Enquanto Marques falava, os parentes dos mortos no incêndio ficaram em silêncio, mas não contiveram as lágrimas. O clima ficou ainda mais pesado quando a procuradora de Justiça Irene Soares Quadros defendeu a tese de que houve "dolo eventual". Ou seja: para ela, os réus assumiram o risco de matar, mesmo que não quisessem esse desfecho.
– Senhores, uma casa de 600 metros quadrados cheia de gente, e eu não vou imaginar que pode pegar fogo? O mais dramático e o que mais dói é que a gurizada estava lá faceira, e os pais estavam em casa, tranquilos. O que se faz com quem brinca com fogo num ambiente fechado, sem extintor, sem saída, sem ar? Eu penso que o que se faz é a pronúncia (indicação ao júri), e o Tribunal do Júri vai nos responder – afirmou Irene.
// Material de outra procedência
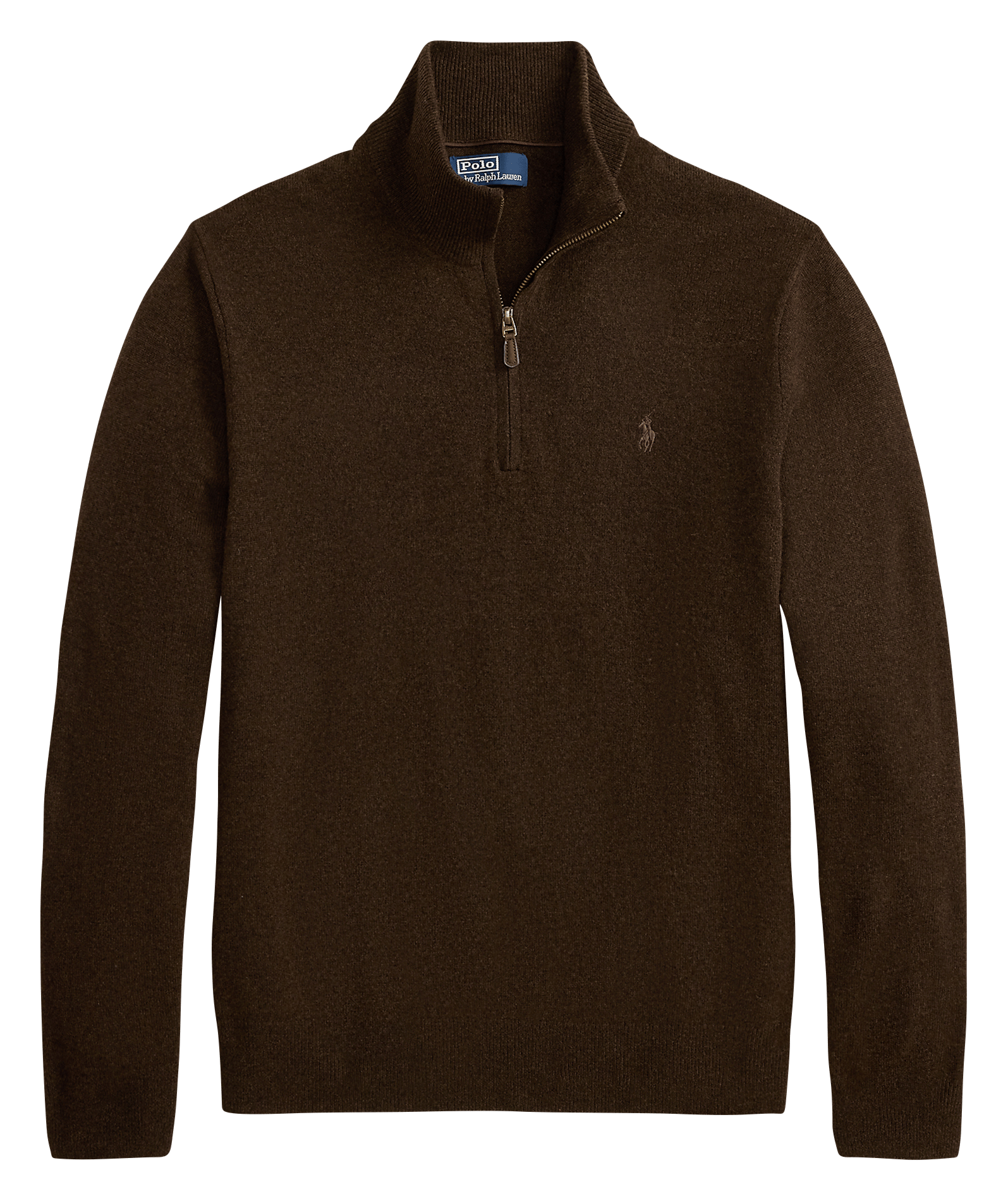 Regular-Fit-Pullover aus Merinowolle mit Stehkragen und Stickerei POLO RALPH LAUREN Braun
O primeiro a proferir o voto foi o relator do caso, desembargador Manuel Martinez Lucas. Com parte dos presentes de pé, ele citou inúmeros problemas na casa noturna, mas disse, para desespero dos pais e mães presentes, não ter identificado a intenção de matar nem o "consentimento com as mortes":
– Penso que todas essas circunstâncias constituem indício de culpa dos acusados, mas não caracterizam dolo eventual. Da mesma forma, a prova produzida e reproduzida também não aponta para uma conduta dolosa por parte dos acusados.
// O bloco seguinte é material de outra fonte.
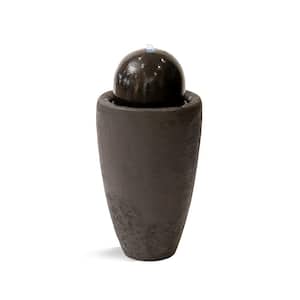 25.98 in. W Round Modern Stone Textured Sphere Water Floor Fountain with LED Lights, Garden Sphere Fountain in Brown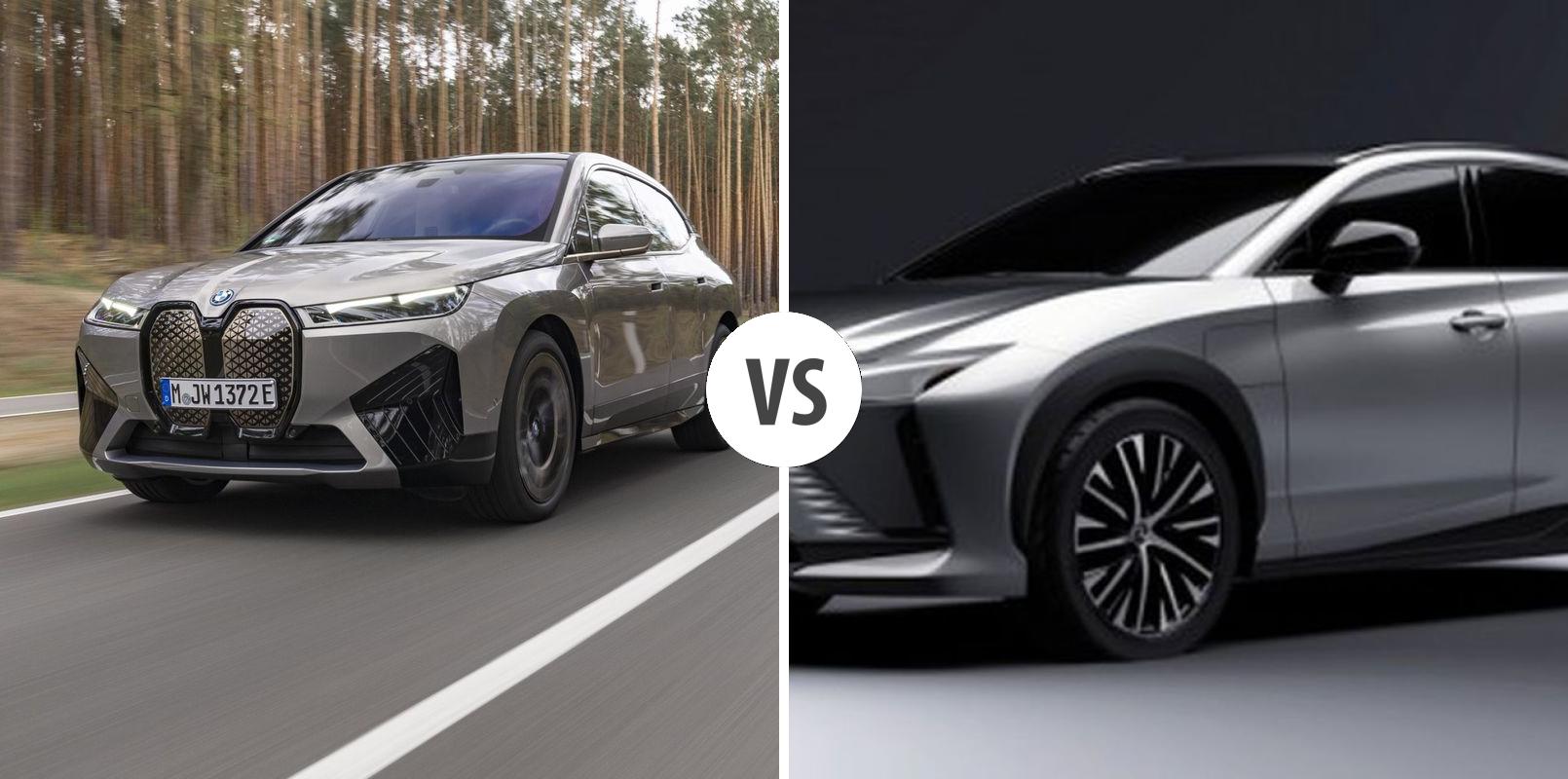 2026 BMW iX next to 2026 Lexus RZ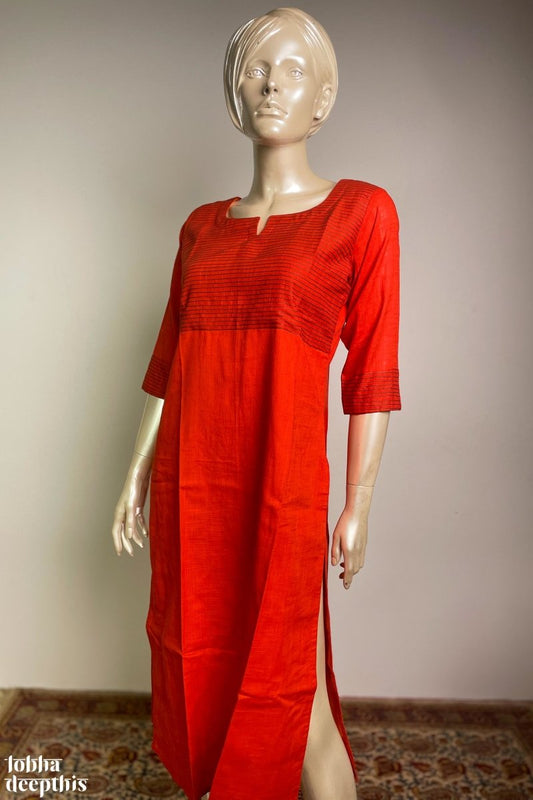 Aabhar: Pure Cotton Orange Kantha Embroidery Kurta - Lobha Deepthis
Na sequência, o desembargador Jayme Weingartner Neto divergiu do relator e votou pela manutenção da decisão inicial, do juiz de Santa Maria, alegando ter "convicção" de que o caso deve ser levado ao escrutínio popular.
O voto de Minerva foi do presidente da 1ª Câmara, Sylvio Baptista Neto. De forma sucinta, ele concluiu que há indícios tanto de "culpa consciente" quanto de "dolo eventual" e que, por isso mesmo, caberá ao júri definir.
O resultado foi comemorado pelos familiares das vítimas com abraços e apertos de mão misturados a choro e indignação.
– Foram quatro anos de sofrimento. Hoje foi o primeiro passo para a vitória. Agora é continuar a luta – destacou Flávio Silva, vice-presidente da associação.
Ao deixar o local, Jader Marques disse que vai conversar com Kiko para avaliar se irá recorrer. Já Cipriani adiantou que, assim que a decisão for publicada, entrará com recurso no próprio TJ e no Superior Tribunal de Justiça.
– Houve divergência nos votos, o que, por si só, já abre espaço para questionamentos – resumiu Cipriani.
O que mudou
Embora a maioria dos desembargadores tenha votado para que o julgamento dos quatro réus ocorra no Tribunal do Júri, eles optaram por retirar as chamadas qualificadoras. Inicialmente, os quatro eram acusados de homicídio duplamente qualificado (242 vezes consumado e 636 vezes tentado), por motivo torpe (ganância) e meio cruel (fogo e asfixia). Com a mudança, passam a ser acusados de homicídio simples. Na prática, isso significa atenuação da pena dos réus, caso eles sejam condenados. Inicialmente, a pena seria entre 12 e 30 anos. Agora, pode ficar entre seis e 20 anos. O Ministério Público estuda recorrer.
O que acontece agora
- Nos próximos dias será publicado o acórdão, que é a decisão dos desembargadores.
- A partir daí, os advogados de defesa terão prazo de 10 dias para entrar com embargos infringentes, um tipo de recurso que permite questionar divergências na decisão.
- Caso se confirmar, o embargo será analisado por um grupo formado por desembargadores integrantes da 1ª e da 2ª Câmara Criminal do TJ. Não há prazo para entrar em pauta.
- Ao mesmo tempo, abre-se também prazo de 15 dias para outros tipos de recursos, tanto junto ao Superior Tribunal de Justiça (recurso especial) quanto ao Supremo Tribunal Federal (recurso extraordinário).
- É necessário que esses recursos sejam admitidos, primeiro, pela 2ª Vice-Presidência do TJ. Isso vale tanto para as defesas quanto para o Ministério Público.
- É difícil prever quanto tempo levará para ocorrer o júri, porque tudo vai depender do tempo de análise dos recursos e dos resultados. Pode levar anos.